1.5 Why this chapter?

We believe that there cannot be one instrument for measuring child development that is suitable for all situations. In general, the tool needs tailoring to the setting. For example, to find a delayed child, we need an instrument that is precise for that individual child, and that is sensitive to different domains of delay. In contrast, if we want to estimate the proportion of children that is developmentally on track in a region, we need one culturally unbiased, relatively imprecise low-cost measurement made on many children across many ages. The optimal instrument will look quite different in both cases.
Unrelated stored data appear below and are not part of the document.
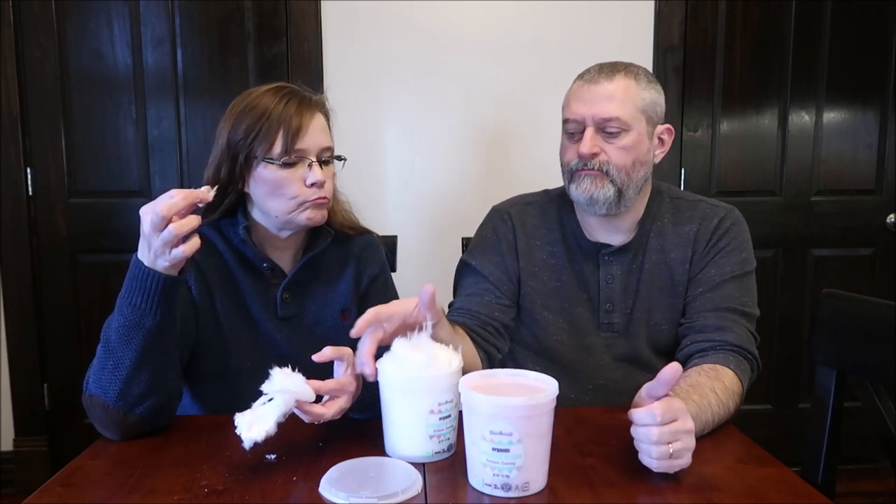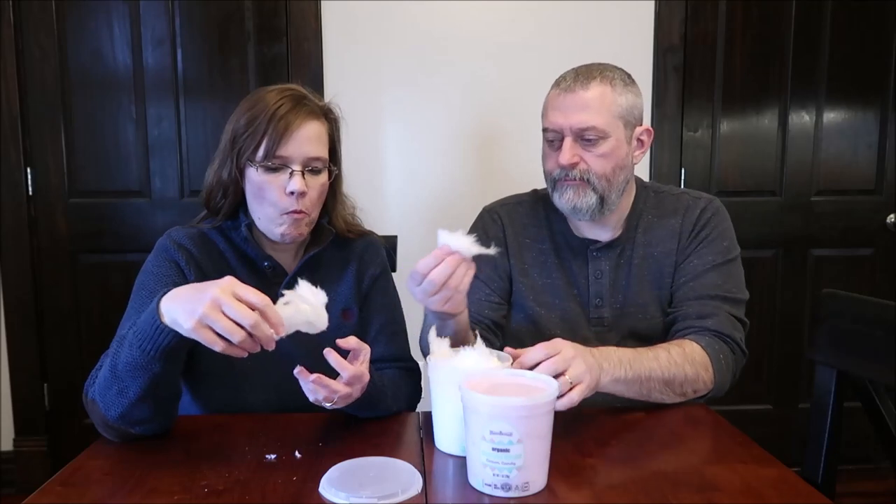I don't know how you can be organic — I mean, I guess you use organic sugar. It just tastes like sugar to me. Do you taste cookies and cream at all? No. It's just sugar. I can get a spoonful of sugar from the cabinet — it has the same flavor.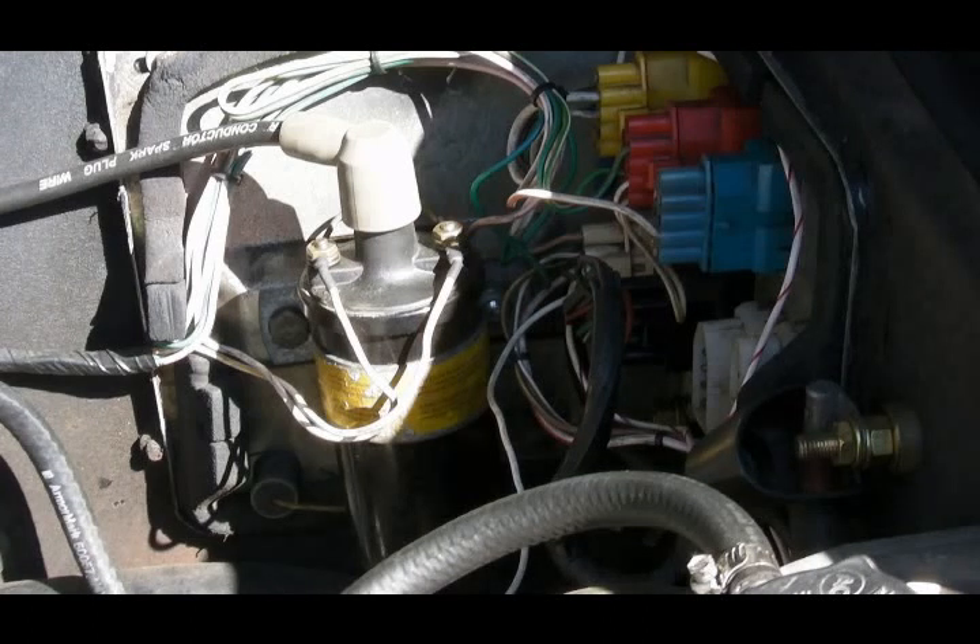I'm all for taking stuff to AutoZone and having it tested, but before you go to all that trouble, my recommendation is to try to start the engine from the engine compartment — which is an old Ford trick. And if the engine starts from the engine compartment, then you know the battery is fine, you know the starter motor is fine, and you don't need to take anything off and take it up to AutoZone to have it tested.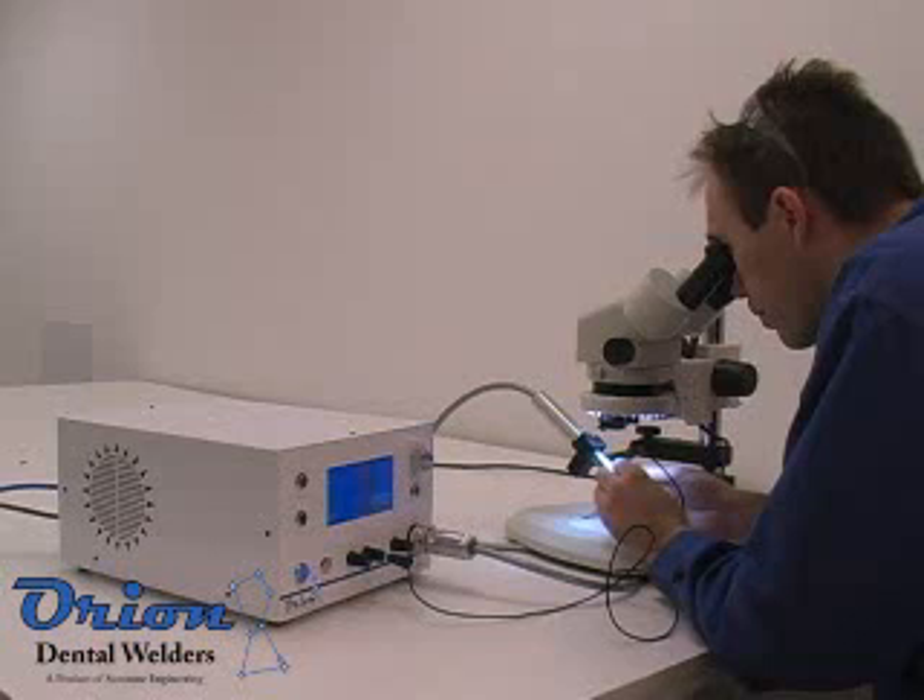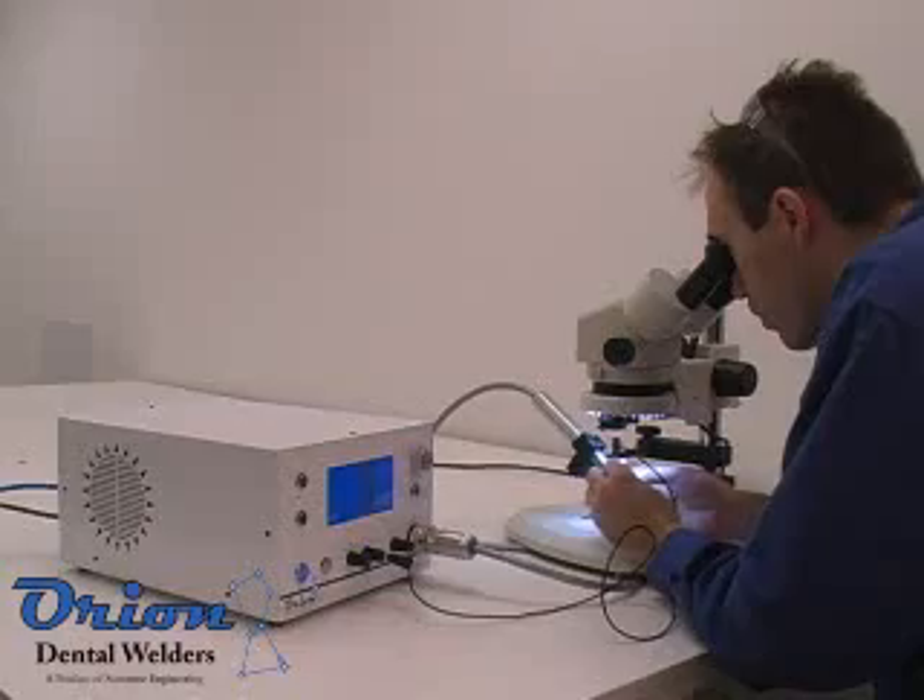The Orion Stereo Microscope uses a shutter system to provide optical clarity before welding and full protection during the welding arc. The Orion's computer ensures that the shutter is closed before allowing the weld to take place.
We also believe that there can be one scale for measuring child development and that this scale is useful for many applications. Such a scale is similar to well-known measures for body height, body weight or body temperature. These measurements have a clearly defined unit (i.e., centimetre, kilogram, degree Celsius), which moreover is assumed to be constant across all scale locations. We express measurements as the number of scale units (e.g. 92 cm). Note that there may be multiple instruments for measuring a child height (e.g. ruler, laser distance meter, echolocation, ability to reach the door handle, and so on). Still, their result translates into scale units (cm here). The opposite is also true, and perhaps more familiar. We may have one instrument and express the result in multiple units (e.g. cm, inches, light-years).
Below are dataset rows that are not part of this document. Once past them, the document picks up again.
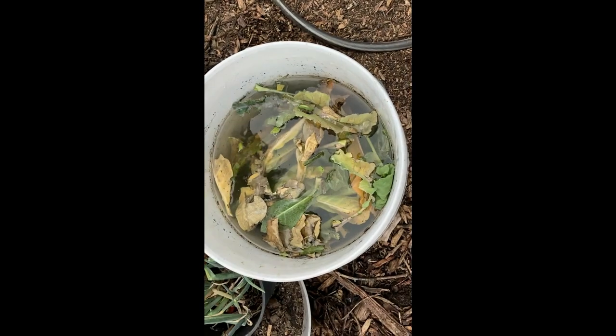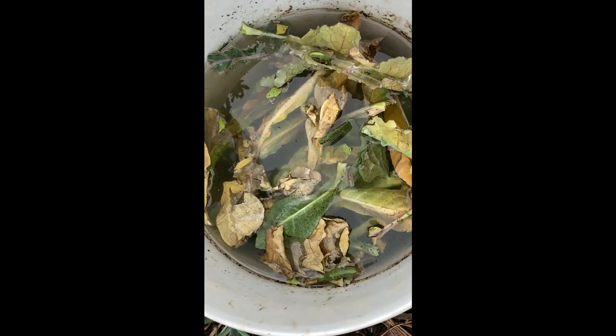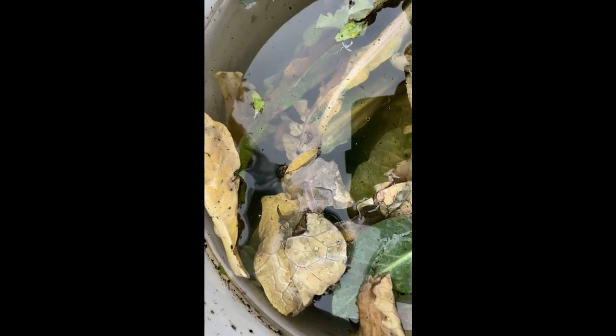So this is what it looks like the next day. That's in one day, and it still looks very clear — looks a lot like water.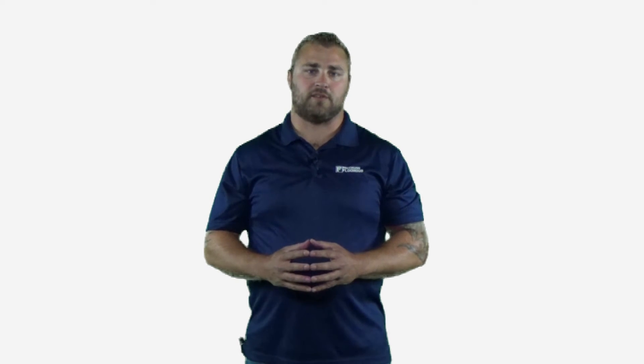This is going to be a great product because you're going to get that length and width that you're looking for. They're all engineered with a two millimeter wear layer and a sawn face, so great look — going to have the same appearance as a solid hardwood.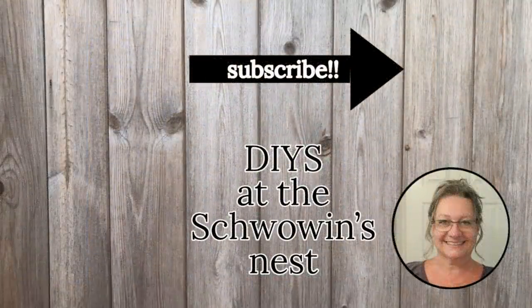Thanks so much for watching today! If you like what you saw, I'd love it if you could hit that red subscribe button and stick around a while. Don't forget to hit the like button and the notification bell so you don't miss out on any of my future content. Have a wonderful Easter weekend — bye for now!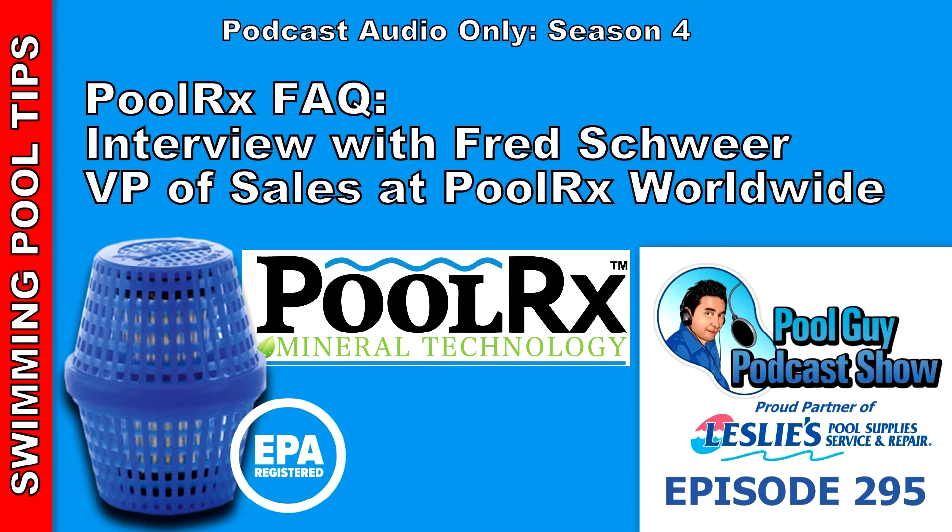I prefer putting the unit in the pump basket rather than the skimmer basket, because customers sometimes think it's a weird object and throw it away. The alloy cylinder inside the unit is a key part of the product. Not only is our mineral formulation uniquely chelated — making it safe and preventing it from staying in your pool — but the way the minerals react with the alloy is what allows them to last for up to six months. The more flow over the unit, the better.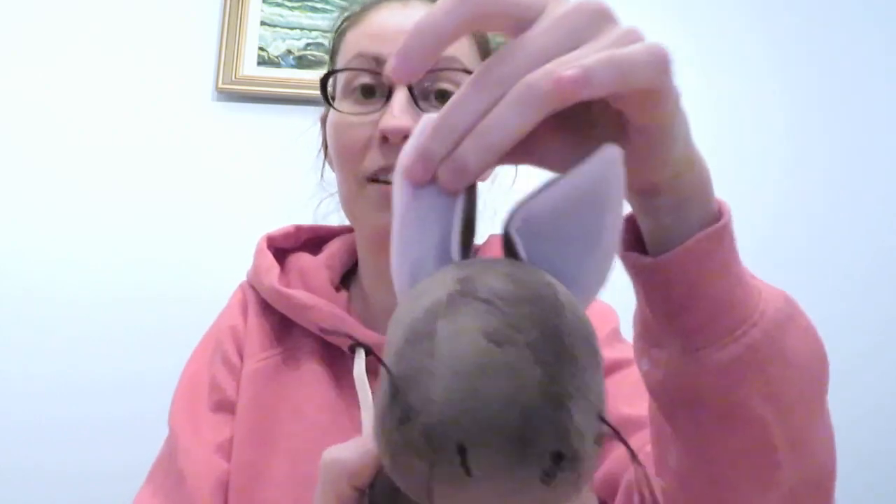It's got cutie-patootie eyes, it's so cute! It's got its ears — its ears are a little squashed, so let's plush up these plush ears. It's got its whiskers. I'm already giving it a personality — it's gonna eat like... it's moving its ears. In my head, it's alive.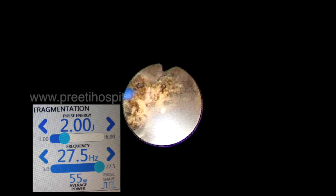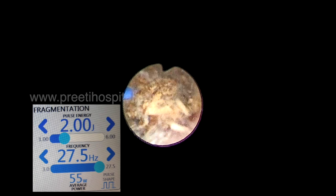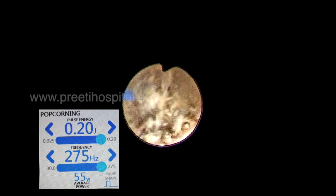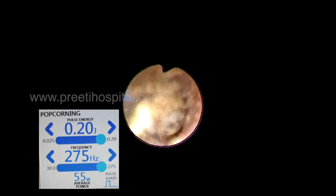In this video the intention is to show that whether it is TFL or Holmium, if you have a little higher wattage or high-performance 30-watt laser fiber, you can use this type of fragmentation followed by popcorn mode — 0.20 Joules and 275 Hertz.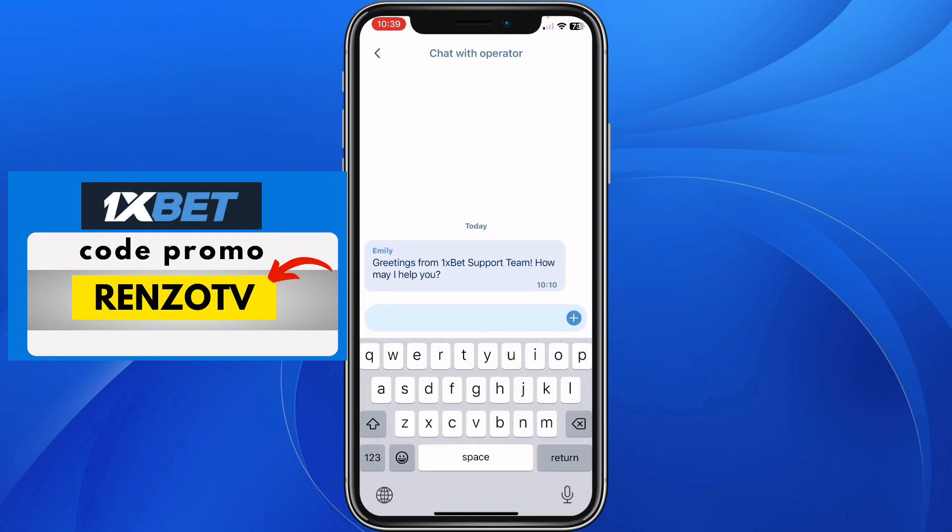From here you just need to tell them that you have misplaced your Google authentication key and that you need to disactivate two-factor authentication. They will give you some steps to follow to disactivate it.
Instruments and scales are different things. Currently, instruments for measuring child development define their own scales, which renders the measurements made by distinct tools incomparable. No measurement unit for child development yet exists. It would undoubtedly be an advance if we could tailor the measurement instrument to the setting while retaining the advantage of a scale with a clearly defined unit across different tools. We can then compare the data collected by distinct devices. This chapter explores the theory and practice for making that happen.